▸ Exercise prompt:
Dropping every picture, set down exactly the lines in the entries below, starting with the line with "Oval Indoor/Outdoor Dining" and going on through the line with "Funko POP GOTG 3: Drax".

▸ Data supplied:
----------------------------------------

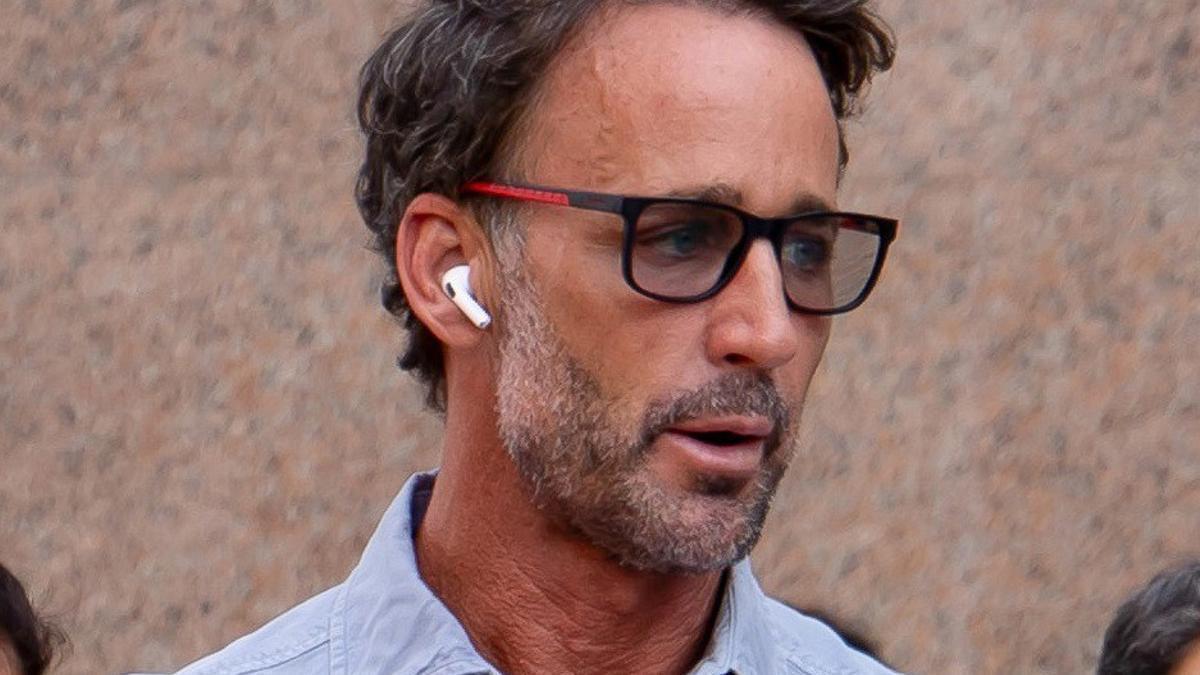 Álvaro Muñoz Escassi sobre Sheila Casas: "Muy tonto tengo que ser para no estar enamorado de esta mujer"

----------------------------------------

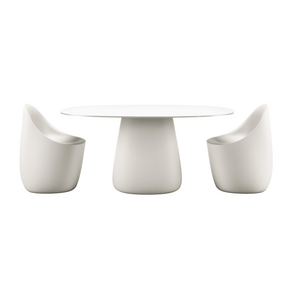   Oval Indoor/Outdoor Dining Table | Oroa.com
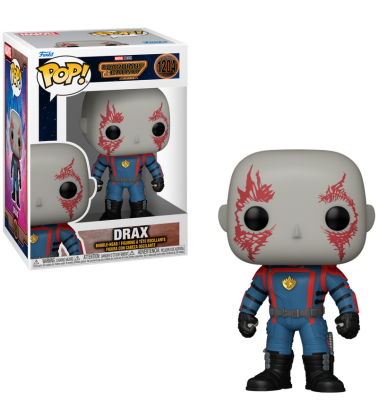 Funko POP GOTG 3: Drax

----------------------------------------

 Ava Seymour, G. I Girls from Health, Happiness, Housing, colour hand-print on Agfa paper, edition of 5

----------------------------------------

▸ Finished task:
   Oval Indoor/Outdoor Dining Table | Oroa.com
 Funko POP GOTG 3: Drax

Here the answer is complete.